My love for this city is unbounded. And I remember that day as if it's yesterday. I was in my office and could see out our window even from Midtown, what was happening, and slept in my office for days thereafter, working on what would become known as the black issue, the Art Spiegelman, Francois's Moulin cover, those ghostly towers missing from the skyline. So I think about this, or at least it's a presence in my head as it is for so many New Yorkers of a certain age, every day.

**Brian Lehrer** (3:16)
And I forgot that the New Yorker offices are there in the World Trade Center itself.
And that so many businesses have run back there. I have a family member who works for the Met's cable channel, SNY, New York Met's, and they're in the World Trade Center.
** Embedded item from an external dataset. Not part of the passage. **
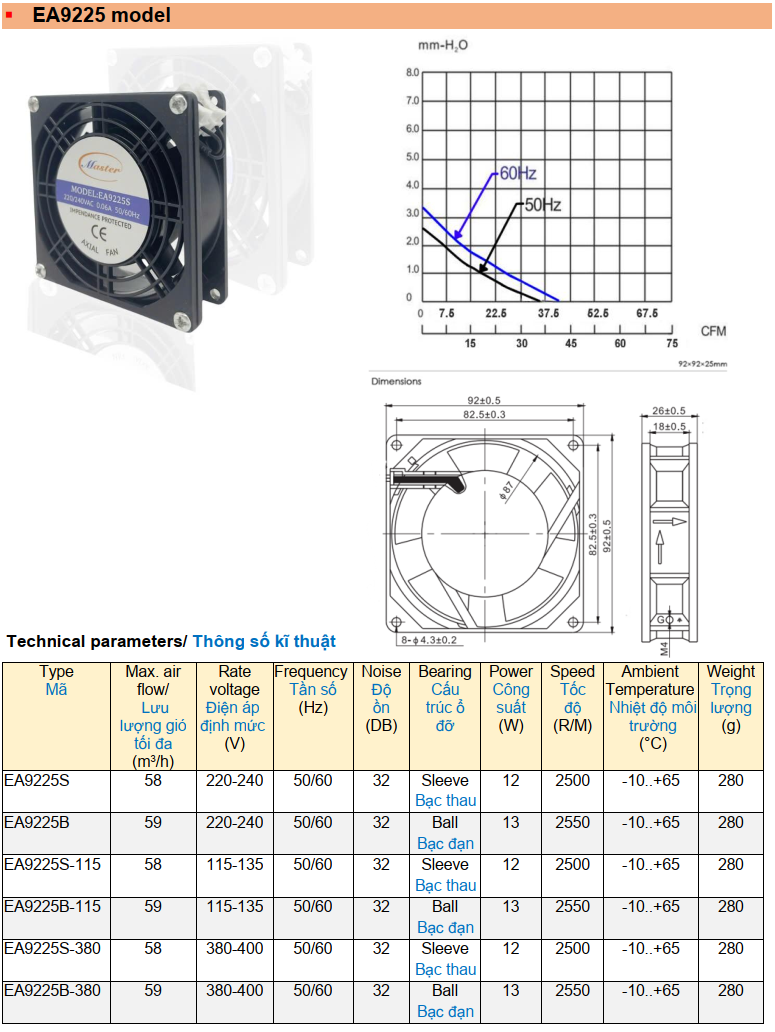 Quạt gió tủ điện Master EA9225S size 92x92x25mm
So just two media examples there of how people didn't get spooked, business owners didn't get spooked, from even going right back there to what we called for a while ground zero.

**David Remnick** (3:48)
You know, it's funny, well, not so funny, but people would, once we moved down here, people would come and visit me at the office, and for the first year, I could see them looking out the window, and like a feeling of anxiety or dread would come over them, because they knew, you know, just a few years earlier what had happened here. And that just doesn't happen anymore. Life has this, whether you like it or not, way of just speeding along.
And in a positive sense, I'm just very proud of New York and New Yorkers for the resilience they've shown.

**Brian Lehrer** (4:31)
And there's even a larger picture thought there, I think, in a historical context, which is that New York's demise has been predicted so many times from the Great Depression, from crime in the 70s through its peak around 1990, from 9-11, from deindustrialization, from white flight, from the pandemic, now from Zeran Mamdani as his political opponents would like people to believe at least. And yet it never actually happens, right?

**David Remnick** (5:01)
I think the city is blessed with so much energy and so much talent and centrality.